* ACTION ITEM
Return only that part of the material below which starts with the line containing "VEB Fischlandschmuck, Germany" and goes on through the line containing "4T1B11HK7JU012301 фото 2", restated exactly.

* MATERIAL PROVIDED
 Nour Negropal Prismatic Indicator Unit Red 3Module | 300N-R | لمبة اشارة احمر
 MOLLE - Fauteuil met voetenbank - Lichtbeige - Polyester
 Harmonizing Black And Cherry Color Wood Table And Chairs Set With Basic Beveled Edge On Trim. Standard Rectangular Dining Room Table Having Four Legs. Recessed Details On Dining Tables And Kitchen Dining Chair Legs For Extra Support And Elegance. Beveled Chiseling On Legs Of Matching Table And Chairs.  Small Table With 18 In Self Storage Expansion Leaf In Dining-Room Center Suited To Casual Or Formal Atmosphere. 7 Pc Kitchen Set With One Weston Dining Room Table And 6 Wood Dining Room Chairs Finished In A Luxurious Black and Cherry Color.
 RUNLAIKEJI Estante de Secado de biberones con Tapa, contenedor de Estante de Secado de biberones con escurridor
* * *
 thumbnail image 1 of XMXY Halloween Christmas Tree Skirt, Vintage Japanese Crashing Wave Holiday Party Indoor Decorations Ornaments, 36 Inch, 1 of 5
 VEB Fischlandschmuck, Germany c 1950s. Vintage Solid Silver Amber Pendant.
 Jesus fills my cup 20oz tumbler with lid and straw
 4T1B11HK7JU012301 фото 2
---
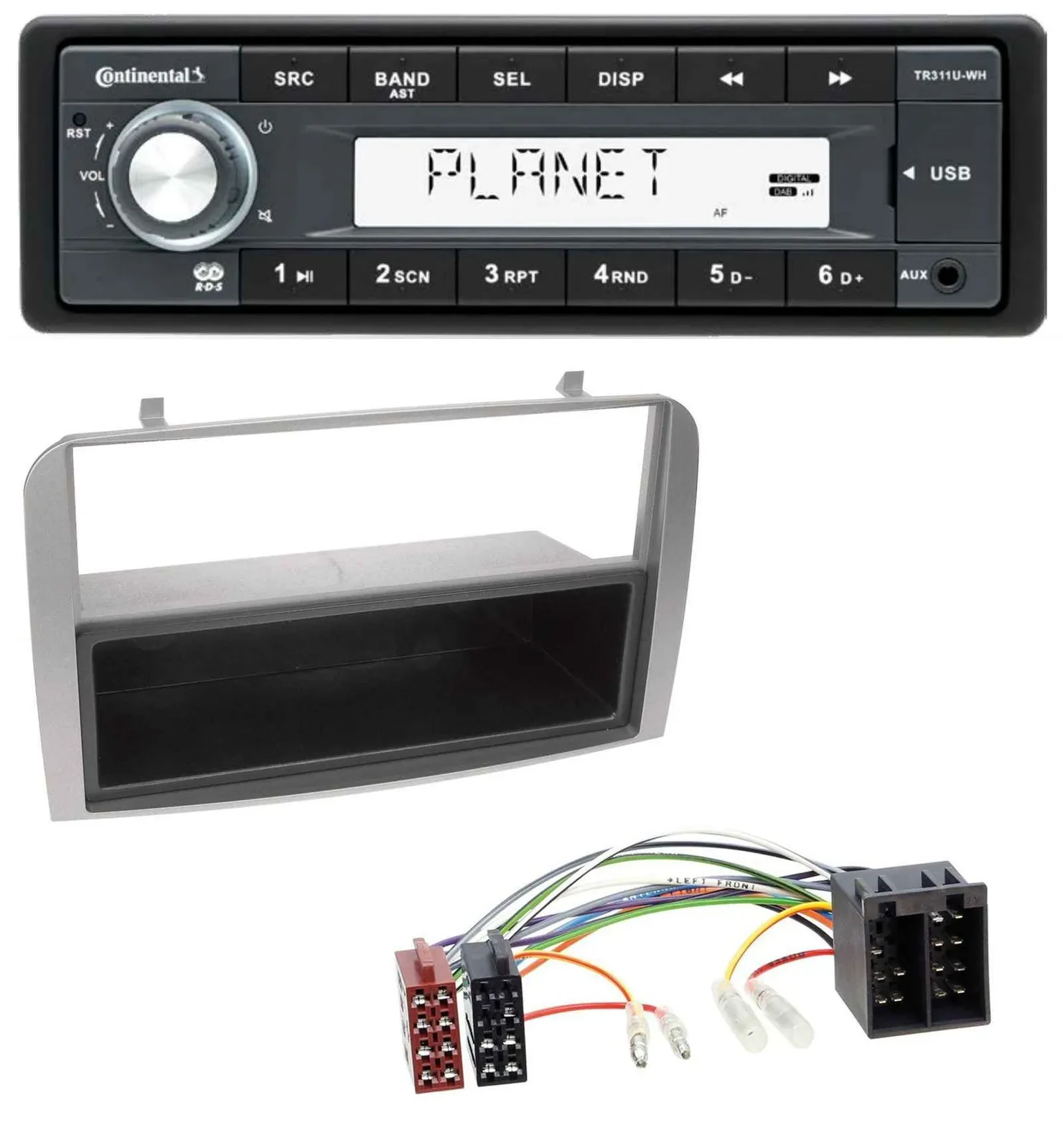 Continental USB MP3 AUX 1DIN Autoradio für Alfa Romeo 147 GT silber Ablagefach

* OUTPUT FOR THIS TASK
 VEB Fischlandschmuck, Germany c 1950s. Vintage Solid Silver Amber Pendant.
 Jesus fills my cup 20oz tumbler with lid and straw
 4T1B11HK7JU012301 фото 2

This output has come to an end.